The single plane roof form spans the home’s footprint as well as the detached garage.

The home’s mountain modern style boasts contemporary shapes that suit its surroundings, rather than declare war on them. “The challenge is to create a structure that is of this time, with the materials available, but to do so in a sensitive way that doesn’t result in sterile white blocks,” says Burke. “You need an approach that allows you to push your experience from inside to outside, and yet still have it feel warm and inviting. So many contemporary buildings feel cold and look stark; they have no resonance, warmth, or scale.” Fortunately for the homeowners — East Coast dwellers whose getaways involve skiing, hiking, and climbing — Burke is a master of that architectural alchemy, translating the regional spirit of the Mountain West into material form.

The home’s overhang provides a protective layer while animating the indoor-outdoor spaces.

The wood, with the interior mostly hemlock and the exterior cedar siding, is a reminder of a living presence amid clean lines that include a polished concrete floor in the living area. The pairing is in contrast with the darker hued walnut which was applied in the kitchen. CLB project manager Paige Hobson says the use of walnut on the kitchen cabinets celebrates its distinction against the adjacent steel. “Both components are dark but varied in subtle tone and texture; the result is that you look and stay longer,” she says.

The primary suite’s bathroom is a composition of earth tones with visible subtle stone textures. The monolithic dark chocolate-hued stone tub was extracted from a quarry in Italy, the concrete floor has radiant heating — adding an element of coziness — and the white concrete vanity countertop features an integrated trough sink.

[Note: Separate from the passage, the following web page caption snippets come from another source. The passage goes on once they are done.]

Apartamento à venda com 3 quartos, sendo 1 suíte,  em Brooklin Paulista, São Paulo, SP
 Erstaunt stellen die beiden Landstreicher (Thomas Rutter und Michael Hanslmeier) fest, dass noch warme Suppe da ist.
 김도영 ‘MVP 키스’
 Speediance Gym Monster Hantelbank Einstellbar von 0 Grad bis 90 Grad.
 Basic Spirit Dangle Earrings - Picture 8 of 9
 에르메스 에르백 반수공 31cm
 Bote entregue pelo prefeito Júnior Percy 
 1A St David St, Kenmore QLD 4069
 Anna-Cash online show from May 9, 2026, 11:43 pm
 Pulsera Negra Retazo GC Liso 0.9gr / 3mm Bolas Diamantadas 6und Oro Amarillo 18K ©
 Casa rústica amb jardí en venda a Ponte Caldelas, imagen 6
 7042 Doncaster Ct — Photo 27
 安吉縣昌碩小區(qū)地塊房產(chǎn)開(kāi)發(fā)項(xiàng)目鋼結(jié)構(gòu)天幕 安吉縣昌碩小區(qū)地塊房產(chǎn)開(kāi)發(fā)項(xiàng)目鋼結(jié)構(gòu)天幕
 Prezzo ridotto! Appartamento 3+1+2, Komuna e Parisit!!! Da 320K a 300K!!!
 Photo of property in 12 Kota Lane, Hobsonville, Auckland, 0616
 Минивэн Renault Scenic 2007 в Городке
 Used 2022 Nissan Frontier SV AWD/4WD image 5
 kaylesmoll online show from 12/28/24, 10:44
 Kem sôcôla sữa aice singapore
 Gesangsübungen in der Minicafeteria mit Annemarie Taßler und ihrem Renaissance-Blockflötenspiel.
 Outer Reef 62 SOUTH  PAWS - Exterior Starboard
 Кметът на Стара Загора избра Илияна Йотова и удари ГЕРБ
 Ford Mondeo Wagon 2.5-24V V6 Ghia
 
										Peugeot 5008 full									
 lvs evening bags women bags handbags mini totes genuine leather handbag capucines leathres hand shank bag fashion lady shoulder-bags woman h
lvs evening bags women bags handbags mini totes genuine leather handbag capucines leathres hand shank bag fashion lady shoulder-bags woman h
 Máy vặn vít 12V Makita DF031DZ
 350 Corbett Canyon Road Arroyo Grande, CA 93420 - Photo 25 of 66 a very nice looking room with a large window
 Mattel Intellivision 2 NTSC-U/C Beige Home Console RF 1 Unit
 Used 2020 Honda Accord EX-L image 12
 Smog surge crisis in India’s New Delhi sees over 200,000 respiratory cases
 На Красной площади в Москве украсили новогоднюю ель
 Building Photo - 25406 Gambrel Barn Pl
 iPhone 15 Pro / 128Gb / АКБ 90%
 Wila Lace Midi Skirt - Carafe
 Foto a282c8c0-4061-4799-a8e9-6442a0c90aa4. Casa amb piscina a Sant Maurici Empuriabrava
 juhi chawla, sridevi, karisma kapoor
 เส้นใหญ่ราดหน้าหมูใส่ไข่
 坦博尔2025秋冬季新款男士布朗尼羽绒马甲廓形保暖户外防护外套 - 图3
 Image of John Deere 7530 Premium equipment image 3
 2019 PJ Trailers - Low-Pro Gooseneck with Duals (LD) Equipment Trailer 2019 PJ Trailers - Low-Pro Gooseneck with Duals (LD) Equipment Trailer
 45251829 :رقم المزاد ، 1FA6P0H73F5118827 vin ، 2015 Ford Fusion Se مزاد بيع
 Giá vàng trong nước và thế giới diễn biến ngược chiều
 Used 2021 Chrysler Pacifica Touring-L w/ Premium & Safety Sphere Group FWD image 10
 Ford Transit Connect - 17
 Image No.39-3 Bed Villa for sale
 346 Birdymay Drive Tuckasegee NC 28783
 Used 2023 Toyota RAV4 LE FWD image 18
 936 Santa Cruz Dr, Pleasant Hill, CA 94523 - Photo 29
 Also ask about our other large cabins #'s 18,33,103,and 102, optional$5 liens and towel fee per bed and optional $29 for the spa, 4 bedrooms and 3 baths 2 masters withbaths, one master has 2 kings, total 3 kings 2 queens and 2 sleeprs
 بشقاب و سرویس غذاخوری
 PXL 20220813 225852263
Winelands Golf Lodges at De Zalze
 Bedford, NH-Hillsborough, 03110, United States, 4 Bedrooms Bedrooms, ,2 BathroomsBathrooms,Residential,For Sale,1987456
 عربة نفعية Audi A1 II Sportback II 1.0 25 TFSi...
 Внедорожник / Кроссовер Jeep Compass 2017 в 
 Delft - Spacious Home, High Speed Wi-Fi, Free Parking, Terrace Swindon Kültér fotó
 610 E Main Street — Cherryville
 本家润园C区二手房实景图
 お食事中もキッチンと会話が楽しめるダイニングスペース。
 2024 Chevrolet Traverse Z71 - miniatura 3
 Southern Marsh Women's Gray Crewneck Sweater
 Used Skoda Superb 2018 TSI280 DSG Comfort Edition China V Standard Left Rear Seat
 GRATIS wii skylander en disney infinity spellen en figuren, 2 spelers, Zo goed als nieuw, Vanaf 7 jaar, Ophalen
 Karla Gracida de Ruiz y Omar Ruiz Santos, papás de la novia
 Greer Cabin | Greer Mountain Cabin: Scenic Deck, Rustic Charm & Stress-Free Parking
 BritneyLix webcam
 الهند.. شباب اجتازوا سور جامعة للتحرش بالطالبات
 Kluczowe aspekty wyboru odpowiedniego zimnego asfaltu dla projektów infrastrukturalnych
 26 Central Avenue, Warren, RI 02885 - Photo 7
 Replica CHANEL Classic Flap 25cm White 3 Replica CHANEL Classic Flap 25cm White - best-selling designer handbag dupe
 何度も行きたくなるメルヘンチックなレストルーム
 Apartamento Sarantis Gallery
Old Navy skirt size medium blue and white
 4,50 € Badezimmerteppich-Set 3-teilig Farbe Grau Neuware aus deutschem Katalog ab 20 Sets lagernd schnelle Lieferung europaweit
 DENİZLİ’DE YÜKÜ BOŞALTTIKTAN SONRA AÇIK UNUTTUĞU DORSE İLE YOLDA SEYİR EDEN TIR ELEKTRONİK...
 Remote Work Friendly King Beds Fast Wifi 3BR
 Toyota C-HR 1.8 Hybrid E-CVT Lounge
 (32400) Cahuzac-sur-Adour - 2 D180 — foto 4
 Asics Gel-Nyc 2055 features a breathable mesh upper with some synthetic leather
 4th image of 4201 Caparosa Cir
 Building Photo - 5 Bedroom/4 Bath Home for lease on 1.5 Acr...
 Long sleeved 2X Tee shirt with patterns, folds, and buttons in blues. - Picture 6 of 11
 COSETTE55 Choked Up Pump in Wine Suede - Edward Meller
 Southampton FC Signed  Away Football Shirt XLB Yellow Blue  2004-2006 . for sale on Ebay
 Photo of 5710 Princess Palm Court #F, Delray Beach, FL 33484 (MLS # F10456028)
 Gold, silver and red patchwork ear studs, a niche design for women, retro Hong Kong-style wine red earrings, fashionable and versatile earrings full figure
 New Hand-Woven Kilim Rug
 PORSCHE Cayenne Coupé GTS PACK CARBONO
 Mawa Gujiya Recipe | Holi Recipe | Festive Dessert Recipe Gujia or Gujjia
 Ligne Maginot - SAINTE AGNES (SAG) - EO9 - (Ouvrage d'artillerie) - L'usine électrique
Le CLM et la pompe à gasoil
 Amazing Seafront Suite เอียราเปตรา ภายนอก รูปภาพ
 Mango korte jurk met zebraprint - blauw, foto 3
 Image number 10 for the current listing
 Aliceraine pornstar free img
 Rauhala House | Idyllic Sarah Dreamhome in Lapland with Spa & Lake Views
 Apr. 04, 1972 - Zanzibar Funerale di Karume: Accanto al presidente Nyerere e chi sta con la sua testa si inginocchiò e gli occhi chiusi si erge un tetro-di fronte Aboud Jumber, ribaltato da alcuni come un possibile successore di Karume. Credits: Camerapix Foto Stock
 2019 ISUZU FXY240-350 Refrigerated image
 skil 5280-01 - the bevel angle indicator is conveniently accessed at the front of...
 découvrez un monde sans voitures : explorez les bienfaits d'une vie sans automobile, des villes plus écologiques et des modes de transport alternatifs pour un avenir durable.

The building’s strong horizontal lines act as an anchor, even as the 12-foot-deep overhang off the roof of the living and dining areas leads the indoor space into the great outdoors. The split-level house is sculptural in form, yet made friendly by intention. The bathroom tied to the primary bedroom suite contains clerestory windows that illuminate the space with natural light, even as austerity gives way to coziness in the shape of cabinets crafted with artisan detail. And, in an environment where winter is a defining factor, the fireplace plays a recurring and pivotal role, adding to the home’s airiness. The blackened steel element soars to the ceiling, while flames appear suspended behind glass in an ode to what can only be described as good taste.

In this bathroom, the sleek vanity countertop, circular mirror, and modern decorative touches triumph in the clean simplicity of shape and structure.

That was the operative lens through which Shazalynn Cavin-Winfrey, head of SCW Interiors in Alexandria, Virginia, eyed the Overlook Residence. The designer drew inspiration from the surrounding mountains, yet maintained notes of individuality from the homeowners’ aesthetic, uniting beauty and function. In the living area, a couch cloaked in blue and made from mohair is matched with an antique Persian rug, and two mid-century modern chairs were re-upholstered in cowhide for an understated nod to the West. “The owners wanted their sense of identity to be infused in the house,” says Cavin-Winfrey.

The northeastern corner of the main living room space provides sweeping eastern mountain views in a poetic gesture that celebrates the designs of nature.

Overlook triumphs in its aim, integrating with, rather than interrupting, the surrounding environs. Serene in aspect and subtle in approach, the house carries the appeal of confidence; it is a building that need not attract attention. And, for that very reason, it does.

In a guest bathroom, a suspended mirror floats in front of the window to provide privacy even as it opens up the space.